Finding Your Credentials

  1. Gateway IP Address: Check your router's connected devices or use the Tesla app
  2. Password:
    • Open the Tesla app
    • Go to Settings → My Home Info
    • Find "Powerwall Gateway" serial number
    • Use the last 5 digits as your password (unless you set a custom password)

Usage with Claude Desktop

Add to your Claude Desktop configuration file:

macOS: ~/Library/Application Support/Claude/claude_desktop_config.json
Windows: %APPDATA%/Claude/claude_desktop_config.json

{
  "mcpServers": {
    "tesla-powerwall": {
      "command": "node",
      "args": ["/path/to/tesla-powerwall-mcp/dist/index.js"],
      "env": {
        "POWERWALL_HOST": "192.168.1.xxx",
        "POWERWALL_USERNAME": "customer",
        "POWERWALL_PASSWORD": "xxxxx"
      }
    }
  }
}

Example Queries for Claude

Once configured, you can ask Claude things like:

  • "What's my current battery level?"
  • "How much solar power am I generating right now?"
  • "Show me all my power metrics"
  • "What's my Powerwall operation mode?"
  • "Change to self-consumption mode with 20% backup reserve"
  • "Is the grid connected?"
  • "What's my home power consumption?"
  • "How many Powerwalls do I have?"

Understanding Power Metrics

When you query powerwall_get_meters_aggregates, you'll see power values in watts:

  • site (Grid):
    • Positive = drawing power from grid
    • Negative = sending power to grid
  • battery (Powerwall):
    • Positive = discharging (powering home)
    • Negative = charging
  • solar:
    • Positive = generating power
  • load (Home):
    • Power being consumed by your home

Operation Modes

  • self_consumption: Use solar/battery to power home, grid as backup
  • backup: Prioritize keeping battery charged for outages
  • autonomous: Time-based control (if configured)
  • scheduler: Custom schedule mode

Security Notes

⚠️ Important Security Considerations:

  1. Self-Signed Certificate: The Powerwall uses a self-signed SSL certificate. This server accepts it by setting rejectUnauthorized: false. This is standard for local Powerwall access but means SSL verification is disabled.
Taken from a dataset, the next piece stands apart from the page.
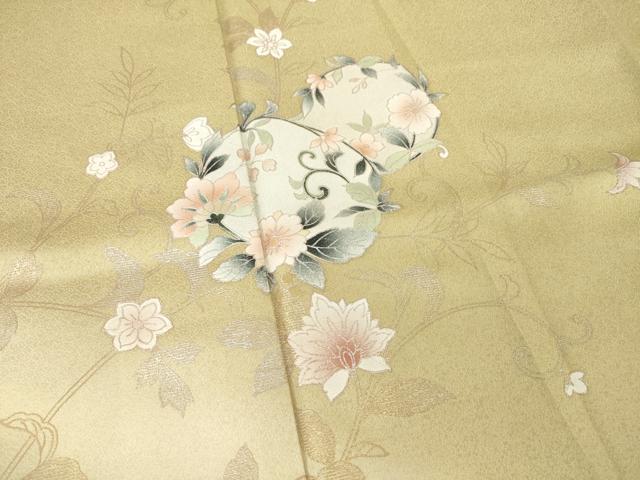 平和屋着物●訪問着 花丸文 暈し染め 金銀彩 正絹 逸品 AABA7963ck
  2. Local Network Only: Only use this on your trusted local network. Never expose your Powerwall gateway to the internet.

  3. Credentials: Keep your gateway password secure. Anyone with access can control your Powerwall.

  4. Token Storage: Authentication tokens are stored in memory only during the session.

API Reference

Based on the community-documented API at: https://github.com/vloschiavo/powerwall2

Troubleshooting

Cannot connect to Powerwall:

  • Verify the IP address is correct
  • Make sure you're on the same network as your Powerwall
  • Check firewall settings

Authentication fails:

  • Verify password is correct (last 5 digits of gateway serial)
  • Try using the custom password if you set one
  • Some firmware versions may require different authentication

"Error: self signed certificate":

  • This is expected. The server handles self-signed certificates automatically.

Project Structure

tesla-powerwall-mcp/
├── src/
│   └── index.ts          # Main MCP server code
├── dist/                 # Compiled JavaScript (generated)
├── package.json
├── tsconfig.json
└── README.md

Development

# Install dependencies
npm install

# Build
npm run build

# Run directly
npm start

Contributing

Contributions welcome! This server implements the documented endpoints from the community research at https://github.com/vloschiavo/powerwall2

License

MIT

Disclaimer

This is an unofficial tool and is not affiliated with Tesla, Inc. Use at your own risk. The author is not responsible for any issues that arise from using this software to interact with your Powerwall system.